#### ASSIGNED TASK
Everything from the first line of the data through the line with "Keywords: house gate fold topiaries" is to be echoed exactly, minus the pictures.

#### DATA RECORDS
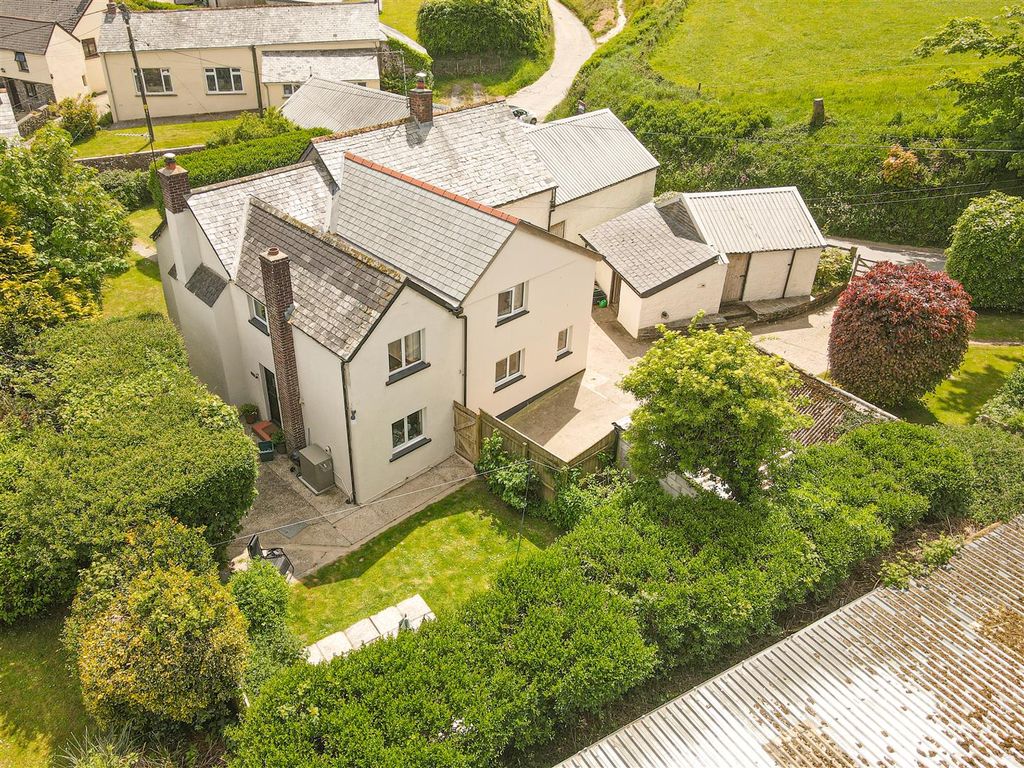Property photo 1 of 42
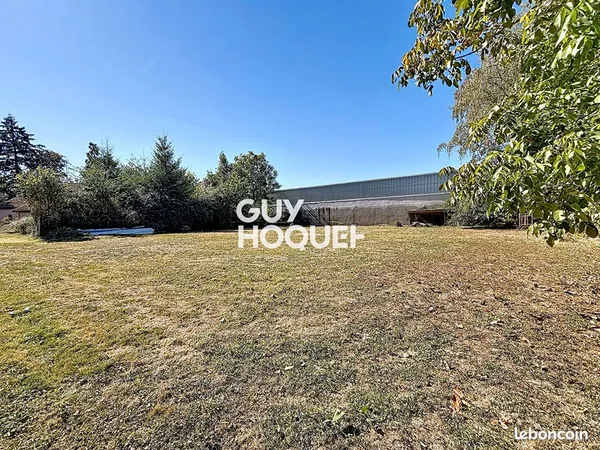 Terrain 2468 m² CHARNAY LES MACON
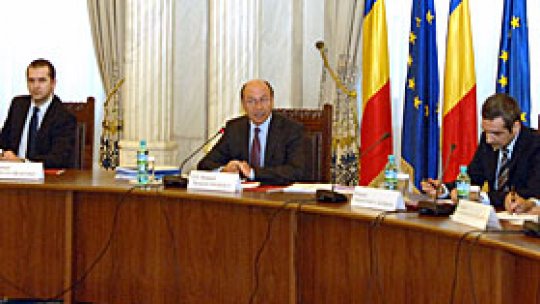 Consolidarea fiscală şi ieşirea din criză, "prioritare"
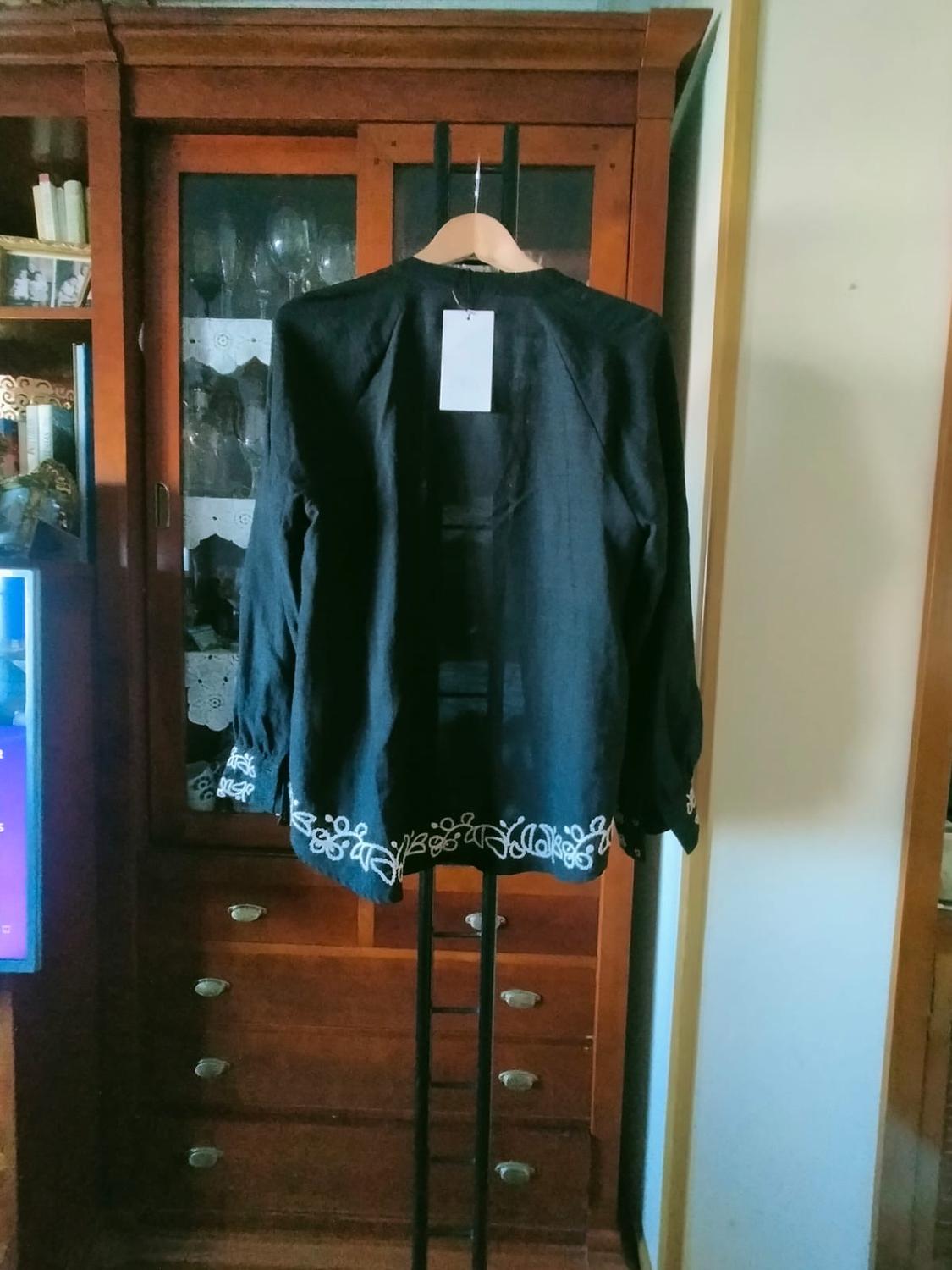 BLOUSE WITH COMBINED EMBROIDERY - Image 3
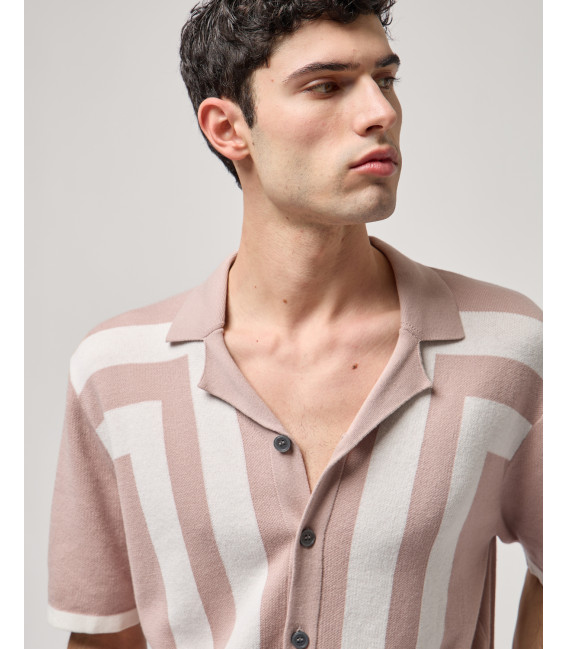 Short-sleeve knitted shirt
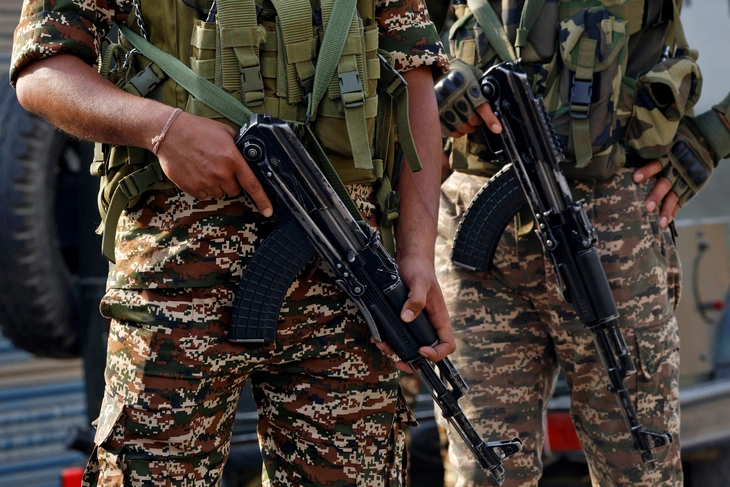 Lực lượng an ninh Ấn Độ đứng gác gần hiện trường vụ rơi máy bay chiến đấu Wuyan, Pulwama, miền nam Kashmir. (Ảnh: Reuters)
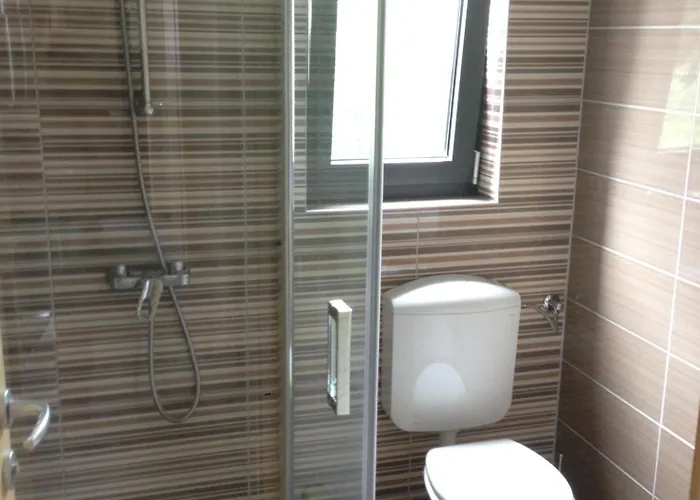 ゲストハウス Pansion Marta 3*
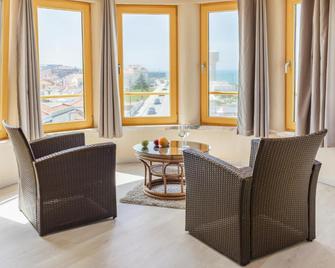 Peniche Beach House - 佩尼谢 - 客厅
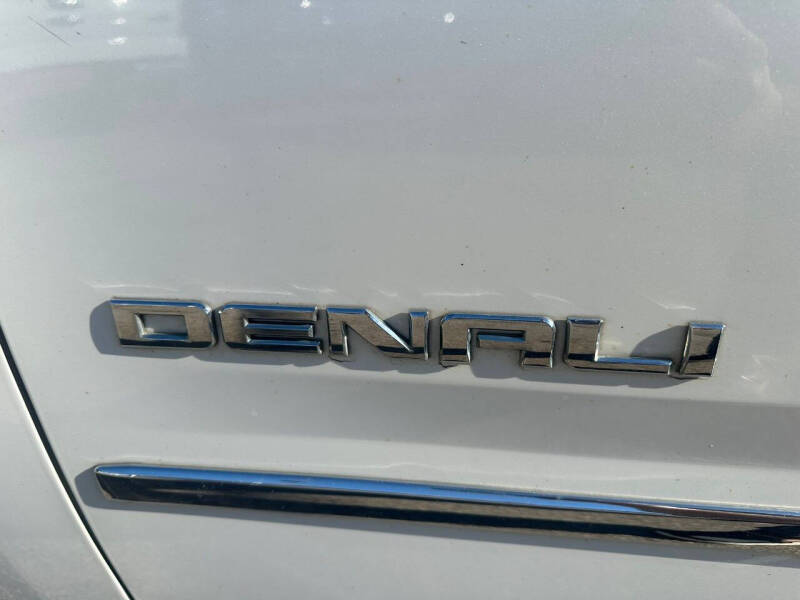 2016 GMC Yukon Denali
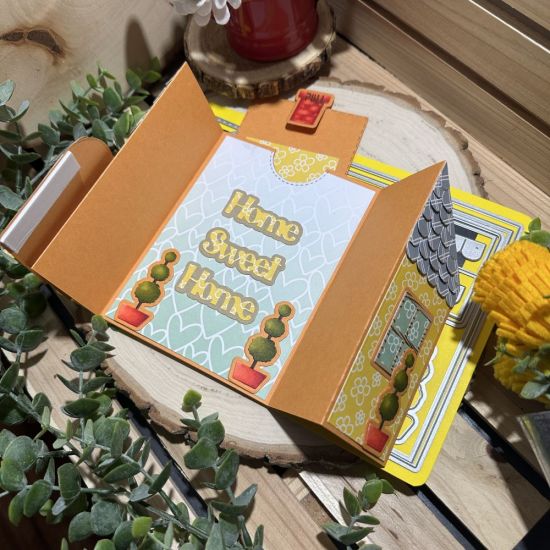 Keywords: house gate fold topiaries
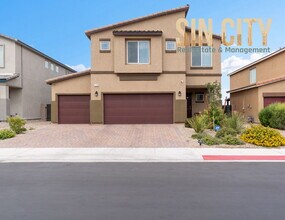 Building Photo - "Spacious 4-Bedroom Oasis with 2.5 Baths i...
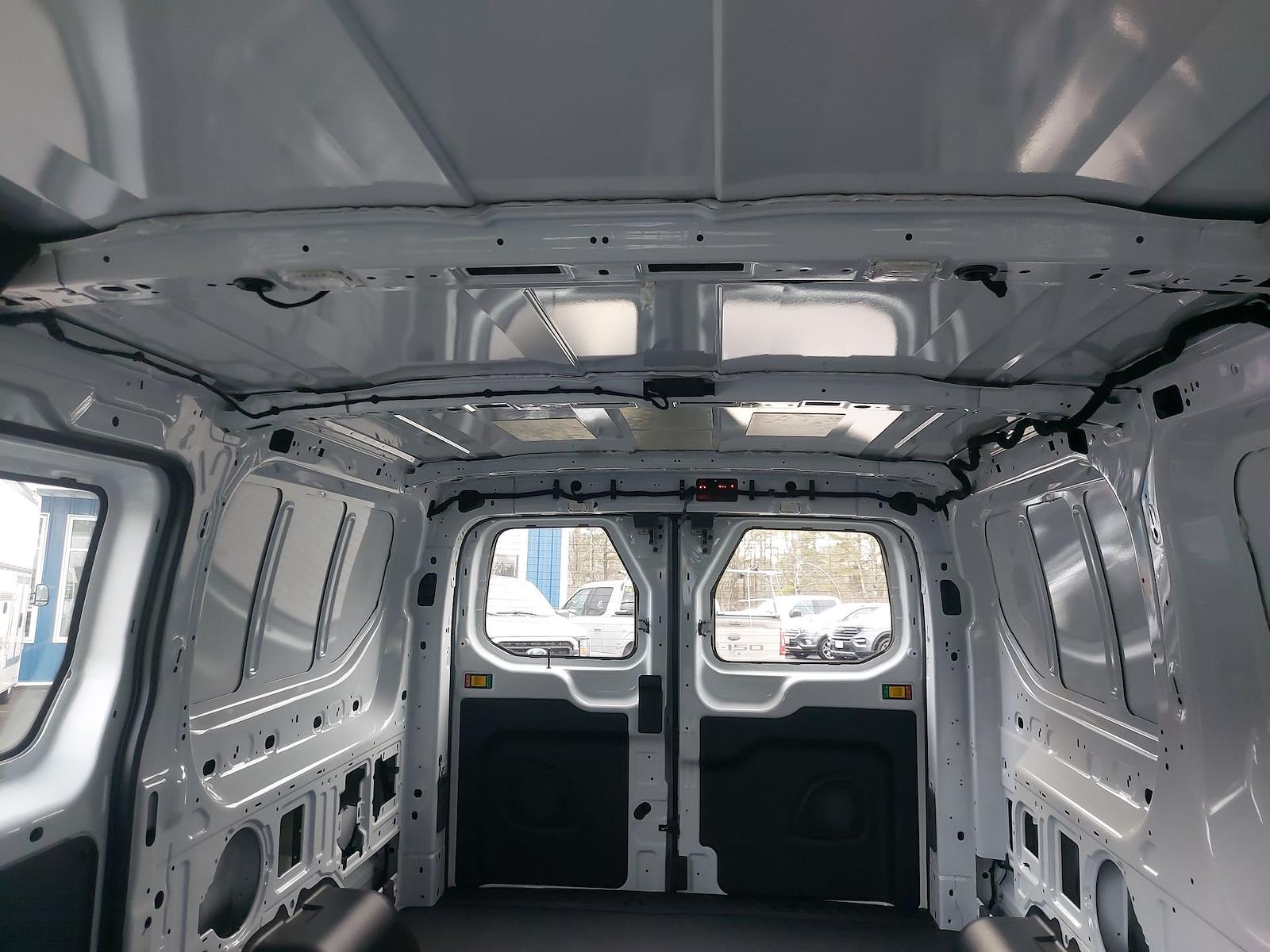 New 2026 Ford Transit 250 - photo 15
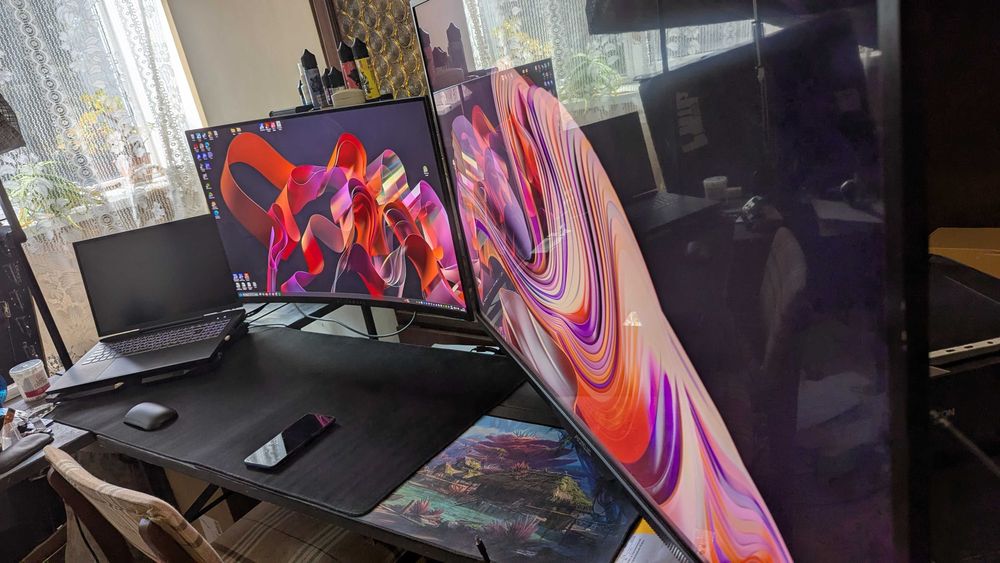 Монітор 43" AORUS FV43U 4K 144Hz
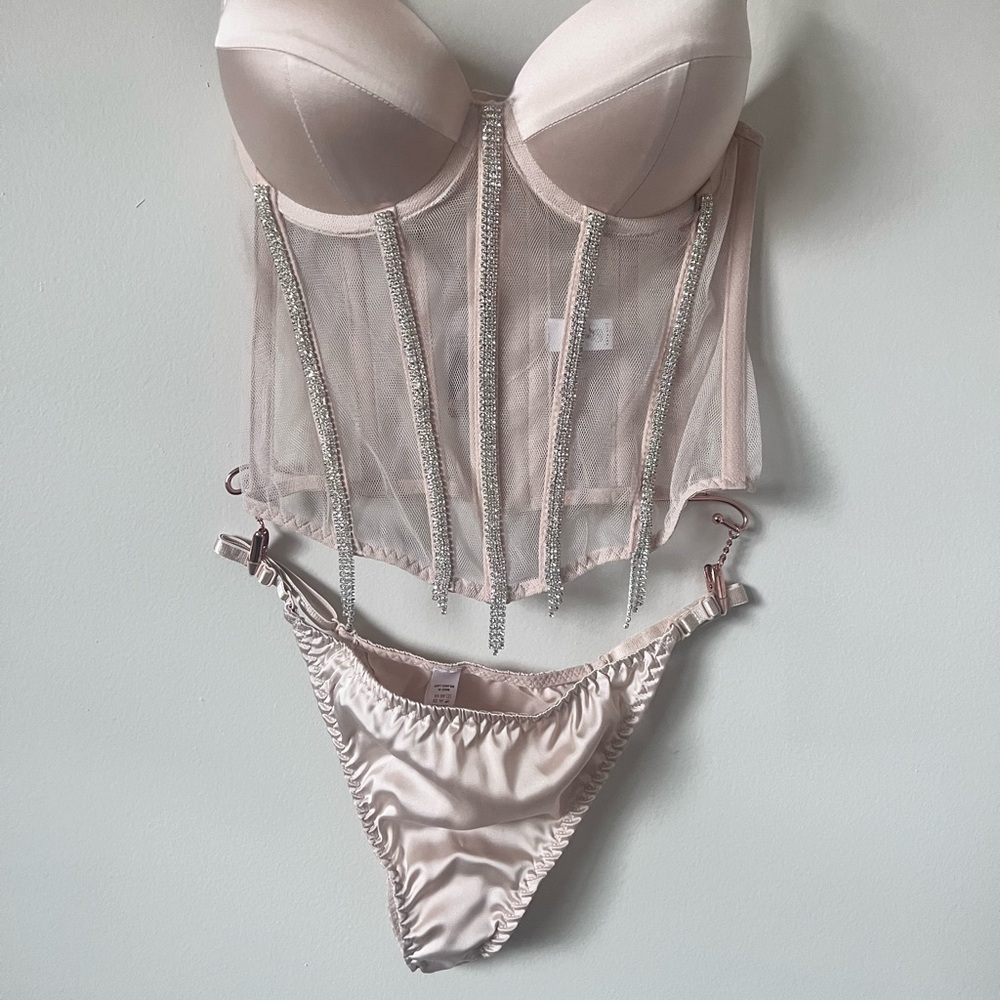 Chic Satin Corset Lingerie Set in Blush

#### TASK SOLUTION
Property photo 1 of 42
 Terrain 2468 m² CHARNAY LES MACON
 Consolidarea fiscală şi ieşirea din criză, "prioritare"
 BLOUSE WITH COMBINED EMBROIDERY - Image 3
 Short-sleeve knitted shirt
 Lực lượng an ninh Ấn Độ đứng gác gần hiện trường vụ rơi máy bay chiến đấu Wuyan, Pulwama, miền nam Kashmir. (Ảnh: Reuters)
 ゲストハウス Pansion Marta 3*
 Peniche Beach House - 佩尼谢 - 客厅
 2016 GMC Yukon Denali
 Keywords: house gate fold topiaries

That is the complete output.